_EXERCISE AIM_
Once the line containing "Andiamo Top Handle Intrecciato Bag Small" is found in the entries below, restate it and each following line word for word, stopping after the line containing "Yves Salomon padded-design".

_ENTRIES SUPPLIED_

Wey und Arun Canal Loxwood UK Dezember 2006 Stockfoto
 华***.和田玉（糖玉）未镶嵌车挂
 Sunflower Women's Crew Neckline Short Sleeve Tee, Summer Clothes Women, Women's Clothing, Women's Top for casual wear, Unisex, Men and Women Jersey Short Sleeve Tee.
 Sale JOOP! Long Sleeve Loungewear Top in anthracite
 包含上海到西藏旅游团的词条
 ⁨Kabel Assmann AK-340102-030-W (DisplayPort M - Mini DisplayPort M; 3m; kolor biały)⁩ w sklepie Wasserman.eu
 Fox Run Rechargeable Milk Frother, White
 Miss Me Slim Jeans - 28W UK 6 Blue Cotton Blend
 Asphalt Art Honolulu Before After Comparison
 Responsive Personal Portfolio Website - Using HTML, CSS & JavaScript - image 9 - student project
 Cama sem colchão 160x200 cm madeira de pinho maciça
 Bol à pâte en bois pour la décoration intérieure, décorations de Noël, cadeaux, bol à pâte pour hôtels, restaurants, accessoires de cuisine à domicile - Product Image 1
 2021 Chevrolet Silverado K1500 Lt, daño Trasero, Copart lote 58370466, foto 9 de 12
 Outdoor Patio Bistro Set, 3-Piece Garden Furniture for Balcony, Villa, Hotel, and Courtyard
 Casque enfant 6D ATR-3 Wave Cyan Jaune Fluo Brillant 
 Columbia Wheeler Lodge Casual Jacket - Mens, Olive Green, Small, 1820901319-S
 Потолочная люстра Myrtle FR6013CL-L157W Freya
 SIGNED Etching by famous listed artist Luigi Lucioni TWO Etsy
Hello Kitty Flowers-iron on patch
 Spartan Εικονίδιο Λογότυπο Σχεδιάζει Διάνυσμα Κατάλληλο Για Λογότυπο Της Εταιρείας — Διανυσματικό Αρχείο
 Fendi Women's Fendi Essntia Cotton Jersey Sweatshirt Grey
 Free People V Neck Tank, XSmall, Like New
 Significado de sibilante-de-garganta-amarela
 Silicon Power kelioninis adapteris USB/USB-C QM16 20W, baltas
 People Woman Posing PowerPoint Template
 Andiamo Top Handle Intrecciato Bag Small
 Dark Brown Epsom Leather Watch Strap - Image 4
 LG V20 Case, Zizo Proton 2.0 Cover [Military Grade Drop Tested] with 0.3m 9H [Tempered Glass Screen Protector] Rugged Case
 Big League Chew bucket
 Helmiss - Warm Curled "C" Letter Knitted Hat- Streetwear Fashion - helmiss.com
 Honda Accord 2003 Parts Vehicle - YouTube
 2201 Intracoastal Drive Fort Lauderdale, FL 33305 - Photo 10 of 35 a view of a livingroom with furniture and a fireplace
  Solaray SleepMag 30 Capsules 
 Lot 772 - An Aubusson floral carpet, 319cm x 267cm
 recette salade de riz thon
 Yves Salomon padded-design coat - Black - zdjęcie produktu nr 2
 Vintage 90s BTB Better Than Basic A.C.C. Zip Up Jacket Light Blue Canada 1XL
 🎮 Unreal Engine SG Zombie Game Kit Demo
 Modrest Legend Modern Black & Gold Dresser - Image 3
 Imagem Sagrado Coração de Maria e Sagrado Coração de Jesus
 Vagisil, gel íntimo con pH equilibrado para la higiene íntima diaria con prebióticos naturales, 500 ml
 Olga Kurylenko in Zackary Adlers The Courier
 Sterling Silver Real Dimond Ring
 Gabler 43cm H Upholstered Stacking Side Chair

_ANSWER TO THE EXERCISE_
 Andiamo Top Handle Intrecciato Bag Small
 Dark Brown Epsom Leather Watch Strap - Image 4
 LG V20 Case, Zizo Proton 2.0 Cover [Military Grade Drop Tested] with 0.3m 9H [Tempered Glass Screen Protector] Rugged Case
 Big League Chew bucket
 Helmiss - Warm Curled "C" Letter Knitted Hat- Streetwear Fashion - helmiss.com
 Honda Accord 2003 Parts Vehicle - YouTube
 2201 Intracoastal Drive Fort Lauderdale, FL 33305 - Photo 10 of 35 a view of a livingroom with furniture and a fireplace
  Solaray SleepMag 30 Capsules 
 Lot 772 - An Aubusson floral carpet, 319cm x 267cm
 recette salade de riz thon
 Yves Salomon padded-design coat - Black - zdjęcie produktu nr 2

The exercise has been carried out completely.